Share of the U.S. Income Going to the Top One Percent, 1913 to 2007. (Source: Reich 2011).
Presidents Roosevelt and Truman legitimized labor unions and encouraged workers to form and join them, which they did in great numbers. This resulted in better wages, benefits, and working conditions. As union membership increased, the share of the nation's income of the top one percent declined from the 1930s to the mid-1970s. Because non-unionized businesses had to offer competitive wages and benefits, this prosperity also extended to millions of other workers (see Figure 2).

Union Membership and U.S. Income Share of the Top One Percent. (Source: Income Inequality, a Project of the Institute for Policy Studies. (Available at https://inequality.org/facts/income-inequality/) (last accessed February 22, 2023).
The result of that prosperity was that by 1976 the top one percent of the population claimed only nine percent of the nation's earnings, down from 24 percent in the late 1920s, while the remaining 99 percent of the population claimed the other 91 percent of the nation's earnings, up from 76 percent.
Table 1, below, combines these data from the late 1920s and 1976. Compared with the late 1920s, the 1976 numbers clearly indicate that the nation's income was distributed more evenly across the entire working population. The great American middle class had been created!
Income Distribution, Late 1920s Compared with 1976.
The Destruction of the Middle Class
By the 1960s and the 1970s, the business community, the Republican Party, and conservative Democrats fought to regain the incomes and wealth they had lost during the Roosevelt and Truman administrations. Six important actions were taken in the effort to destroy the power of labor unions and regain the wealth they believed rightfully belonged to them.

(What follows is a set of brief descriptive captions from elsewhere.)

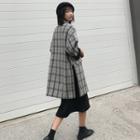 Double-breasted Zipper-side Plaid Wool Jacket
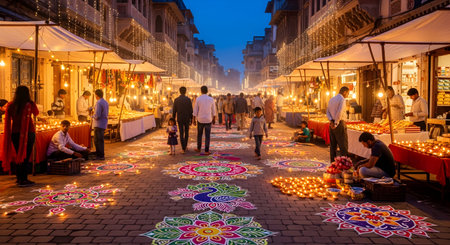 View of unknowns people attending a religious ceremony inside Thamel district in Kathmandu in the eveningの素材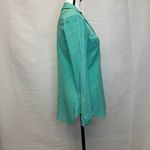 Lilly Pulitzer XS Teal Silk Blouse - 100% Silk with Green Gemstone Buttons Photo 1
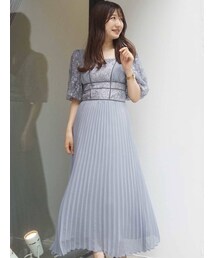 MERCURYDUO | レースドッキングパフスリーブドレス(ワンピース)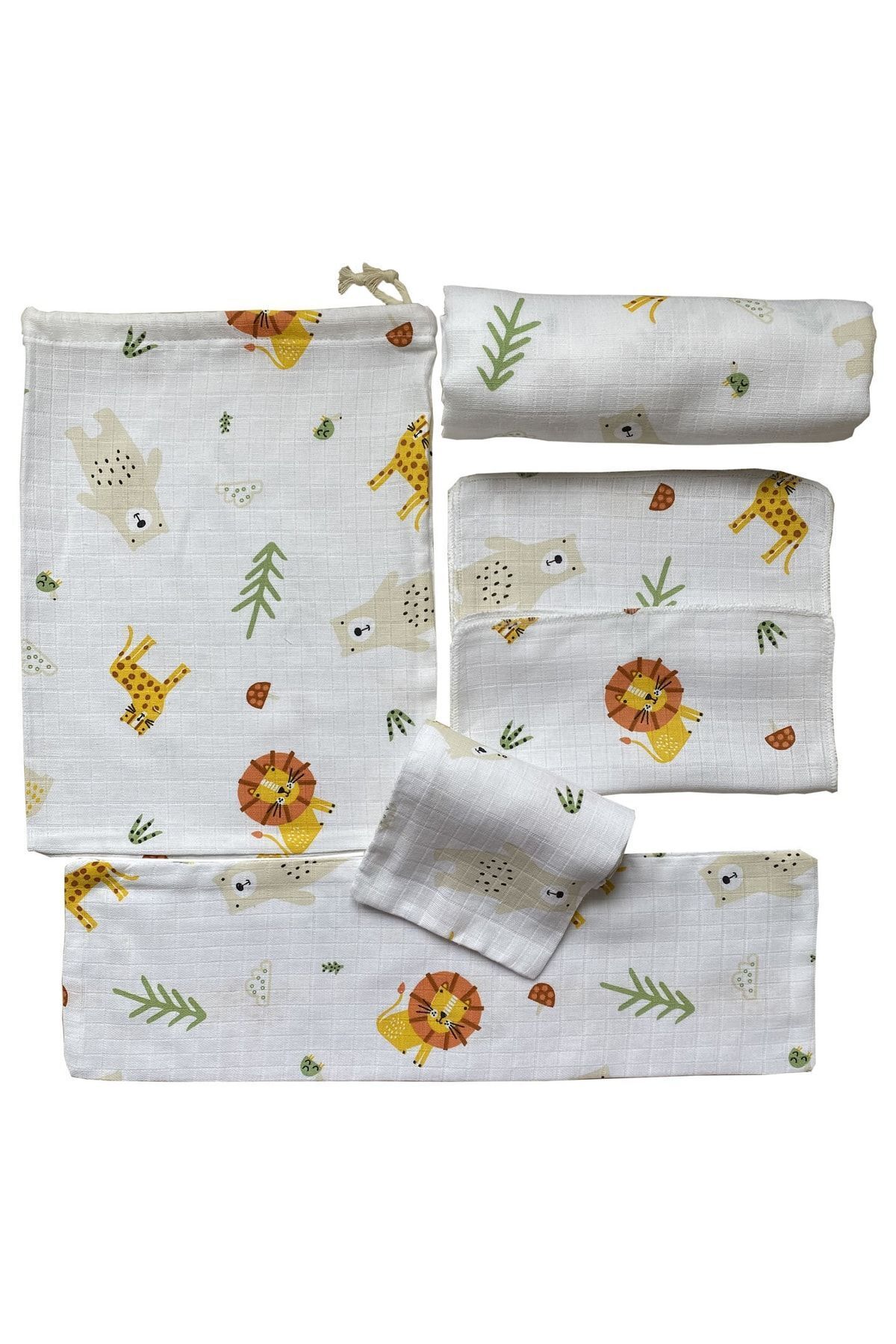 Muslin Blanket Newborn Baby Set with 6 Pieces Pouch and Safari Figure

In 1947, Congress passed the very harsh, anti-union Taft-Hartley Act. In the late 1950s, President Dwight D. Eisenhower supported the passage of the Landrum-Griffin Act, the harshest law against labor unions since the Taft-Hartley Act. In 1965, the business community/Republican Party/conservative Democrats prevented an attempt by President Lyndon Johnson and the Democratic Party to reform the Taft-Hartley Act by repealing its most blatantly anti-labor portions. In the 1970s, the New York-based National Association of Manufacturers moved its headquarters to Washington, D.C., as the relationship between business and government began to dwarf, in importance, the relationships between businesses. The Business Roundtable, formed by executives of America's top 200 corporations, also moved to Washington, as did the National Federation of Independent Businesses. So, too, did the U.S. Chamber of Commerce, the National Association of Wholesalers-Retailers, and the National Restaurant Association. In the late 1970s and throughout the 1980s, these groups increased their spending on Congressional elections by some five hundred percent. Combined, they hired 130 lobbyists for each of the 535 members of Congress. These lobbyists established a powerful reputation: “When business really tries, when it is fully united and raring to go, it never loses a big battle in Washington” (Noah 2012, p. 108). In the mid-1970s, Republican President Gerald Ford vetoed two bills that would have benefitted ordinary consumers and labor unions. In 1978, the Democrats in Congress pushed a bill that would have supported labor unions when confronted by the Taft-Hartley law. The bill would have passed the Senate if it came up for a vote. To ensure this did not happen, two Republican Senators, Orrin Hatch of Utah and Richard Lugar of Indiana, offered amendment after amendment until they totaled nearly one thousand. After five weeks of such delaying tactics, three votes were taken to end the filibuster.
2
Both fell short of the required 60 votes. A noted historian called this defeat a Waterloo for labor. The effectiveness of labor union activities reached its zenith around 1976 when the bottom 99 percent of workers received 91 percent of the nation's income. After that, the percentage constantly trended downward; by 2010, it was only 75 percent. The bottom 99 percent of workers achieved the rewards noted above because union membership continued to grow from the late 1930s to the 1960s-1970s until about 33–34 percent of workers in the U.S. were union members. After that, union membership went into a steady decline. By 2010, only 10–12 percent of U.S. workers were union members. Once the power of labor unions had been weakened, the U.S. Government utilized what we call stealth government actions to create its Program of Welfare for the Wealthy.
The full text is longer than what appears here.